But without having become anything like a grumpy old man, even the great enthusiast can see the downside of a one-horse Premiership race and a proliferation of 4-5-1 formations. As a match-day host for Fulham and a pundit for Sky Sports, in that curiously hypnotic Saturday afternoon programme in which viewers watch old pros watching television, he sees more games than most - to his wife's frequently expressed displeasure. So is he bored, or enchanted? The answer is somewhere between the two.
"First day of the season I saw Fulham against Birmingham [0-0] and that was boring, very boring. Their second game was against Everton [1-0] and Everton were very poor. Then last week I saw Fulham play West Ham [1-2] and it was an absolutely magnificent football match, superb, with good saves, goals and the crowd enjoying it."
That Craven Cottage crowd had made their displeasure known last season, however, at a time when 4-5-1 was becoming all the rage: "Chris Coleman played one up front and the crowd were chanting '4-4-2, 4-4-2'. They were getting bored. In the end Fulham changed it and won three of the last four games, scoring lots of goals. You can only play 4-5-1 with certain players. Chelsea can because they've got such quality in the wide positions, players who can beat people. But a lot of teams play that way just pushing five players into the midfield, and their wide men don't take on the full-backs."
Keeping up with the neighbours is now more of a problem for Fulham than any other club as Chelsea threaten to turn the Premiership into a procession. In Mullery's first seven years as a professional, from 1959-65, the old First Division was won by a different club each time, including small-town teams like Burnley and Ipswich. In the next seven seasons, the same thing happened, and for most of his career, he says: "There were eight teams who could win the title and you didn't know which it would be. Even after that, with the great Liverpool teams of the Seventies and Eighties and then Manchester United, you thought they could be beaten.
"Look at the interest in Scotland, where Hearts are suddenly on top of Celtic and Rangers. I've just heard George Burley interviewed on the radio and when did you last hear that, the Hearts manager on the radio down here? With Chelsea, it could certainly get boring, and the League could be over by Christmas. They're on another planet."
Bringing them down to earth is a different matter, and Mullery does not believe that the salary cap proposed by Wigan's chairman, Dave Whelan, will do the job, partly because of the handicap to English teams competing in Europe ("like a few years back, when we could only have four non-English players"), and partly because of European labour laws. "I don't know Dave Whelan at all, though he's a very successful businessman, but I don't think it will happen. The only thing that might do it is if a club actually goes bankrupt, and makes the others think."

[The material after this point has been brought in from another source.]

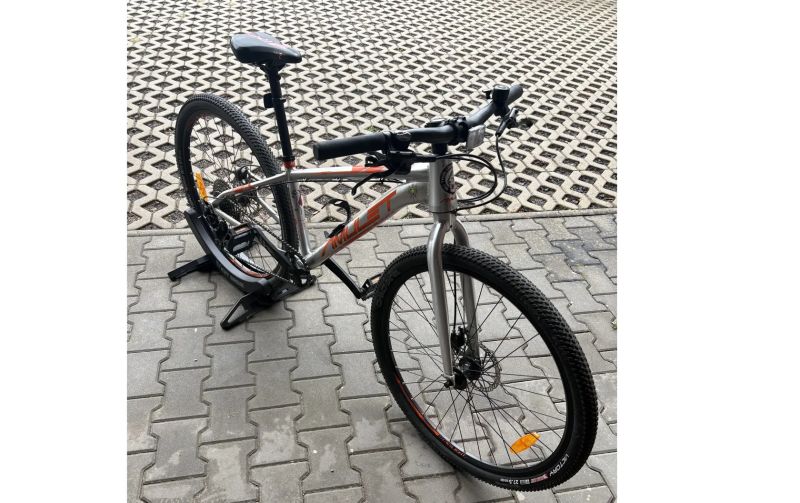 Amulet Youngster 1.10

As a member of the original squad of 40 for the 1966 World Cup, and a regular in the unsuccessful campaign in the heat of Mexico four years later (he scored in the memorable 3-2 quarter-final defeat by Germany), Mullery is a firm believer in domestic football being influenced one way or another by the fortunes of the national team. Studying England at present, he sees high-class players but is unconvinced by the manager, Sven Goran Eriksson.
"We saw in '66 that the whole nation was inspired, and everyone wanted to go to football the following season [when attendances increased by 1.7million]. We have as many talented individual players as I've seen for a long time, in every position. Ashley Cole is as good a left-back as there is in the world probably, and we've an abundance of central defenders, and two of the best midfielders in the world in Frank Lampard and Steven Gerrard, even if they've not quite clicked together.

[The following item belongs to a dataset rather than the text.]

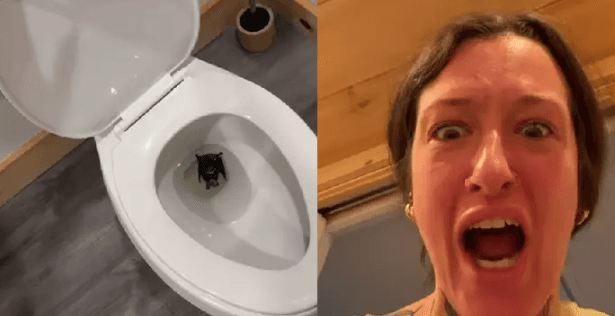 Influenciadora encontra morcego morto na privada e busca atendimento médico por risco de raiva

"David Beckham is still one of the best crossers anywhere, and up front Michael Owen will score goals at any level and Wayne Rooney is the most talented footballer since Gazza. But I did say individual players. As a team we haven't seen the best of them. What bothered me most was when the manager decided to use 4-5-1 in a competitive game, against Wales. If we're having all these friendlies, why not try it then?"
Despite all the quibbles, he is still clearly in love with the game, only recently taking up an appointment as consultant to Crawley Town and becoming involved in a campaign to get a posthumous knighthood for his old Tottenham manager Bill Nicholson. "For as long as I can physically get there, I'll always go and see a live match. As for television, I can see that when you look at the amount there is on, there will be people saturated with it, but I absolutely love it.
"For anyone like me, it's seventh heaven. I'll sit and watch it every night and get a rollocking from my wife, who'll be in the other room. Now I've heard you're going to be able to watch football on your mobile phone. Even I'm not going to be doing that ... she'd hit me over the head with it."
There are limits, after all. But he will head for White Hart Lane and tomorrow night's meeting of his two former clubs with hope in his heart and a spring in his sexagenarian step, believing there is life in the old game yet.